Action item
Quote the entries below from the line with "Toenail Fungus: The" through the line with "Doctors Gates: MNEMONIC", both ends included, and only those lines.

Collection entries

━━━━━━━━

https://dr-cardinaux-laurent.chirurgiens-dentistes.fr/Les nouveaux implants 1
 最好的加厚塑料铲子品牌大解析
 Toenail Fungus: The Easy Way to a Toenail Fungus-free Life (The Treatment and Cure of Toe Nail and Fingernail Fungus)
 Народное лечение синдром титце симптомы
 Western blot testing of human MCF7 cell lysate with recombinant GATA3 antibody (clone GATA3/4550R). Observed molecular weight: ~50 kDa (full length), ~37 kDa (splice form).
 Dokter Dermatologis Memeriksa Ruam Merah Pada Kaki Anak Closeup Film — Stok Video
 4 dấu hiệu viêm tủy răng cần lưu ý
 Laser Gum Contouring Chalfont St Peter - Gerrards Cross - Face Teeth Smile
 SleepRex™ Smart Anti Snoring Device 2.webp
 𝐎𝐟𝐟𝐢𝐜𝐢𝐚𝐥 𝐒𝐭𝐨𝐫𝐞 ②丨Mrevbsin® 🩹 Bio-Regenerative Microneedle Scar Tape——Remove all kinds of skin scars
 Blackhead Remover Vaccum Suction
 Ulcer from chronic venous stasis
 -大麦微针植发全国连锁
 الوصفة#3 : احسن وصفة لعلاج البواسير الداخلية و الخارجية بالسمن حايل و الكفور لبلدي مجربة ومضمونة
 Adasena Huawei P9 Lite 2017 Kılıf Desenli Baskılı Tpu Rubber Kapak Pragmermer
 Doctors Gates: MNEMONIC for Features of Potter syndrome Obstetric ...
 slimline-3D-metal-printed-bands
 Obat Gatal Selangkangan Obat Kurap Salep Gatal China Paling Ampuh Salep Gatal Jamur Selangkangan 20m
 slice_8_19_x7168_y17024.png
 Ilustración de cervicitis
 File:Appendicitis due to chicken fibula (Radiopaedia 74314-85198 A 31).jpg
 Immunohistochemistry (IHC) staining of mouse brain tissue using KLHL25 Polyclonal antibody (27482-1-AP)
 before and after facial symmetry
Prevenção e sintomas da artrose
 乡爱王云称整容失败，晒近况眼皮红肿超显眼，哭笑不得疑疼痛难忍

━━━━━━━━

Task answer
 Toenail Fungus: The Easy Way to a Toenail Fungus-free Life (The Treatment and Cure of Toe Nail and Fingernail Fungus)
 Народное лечение синдром титце симптомы
 Western blot testing of human MCF7 cell lysate with recombinant GATA3 antibody (clone GATA3/4550R). Observed molecular weight: ~50 kDa (full length), ~37 kDa (splice form).
 Dokter Dermatologis Memeriksa Ruam Merah Pada Kaki Anak Closeup Film — Stok Video
 4 dấu hiệu viêm tủy răng cần lưu ý
 Laser Gum Contouring Chalfont St Peter - Gerrards Cross - Face Teeth Smile
 SleepRex™ Smart Anti Snoring Device 2.webp
 𝐎𝐟𝐟𝐢𝐜𝐢𝐚𝐥 𝐒𝐭𝐨𝐫𝐞 ②丨Mrevbsin® 🩹 Bio-Regenerative Microneedle Scar Tape——Remove all kinds of skin scars
 Blackhead Remover Vaccum Suction
 Ulcer from chronic venous stasis
 -大麦微针植发全国连锁
 الوصفة#3 : احسن وصفة لعلاج البواسير الداخلية و الخارجية بالسمن حايل و الكفور لبلدي مجربة ومضمونة
 Adasena Huawei P9 Lite 2017 Kılıf Desenli Baskılı Tpu Rubber Kapak Pragmermer
 Doctors Gates: MNEMONIC for Features of Potter syndrome Obstetric ...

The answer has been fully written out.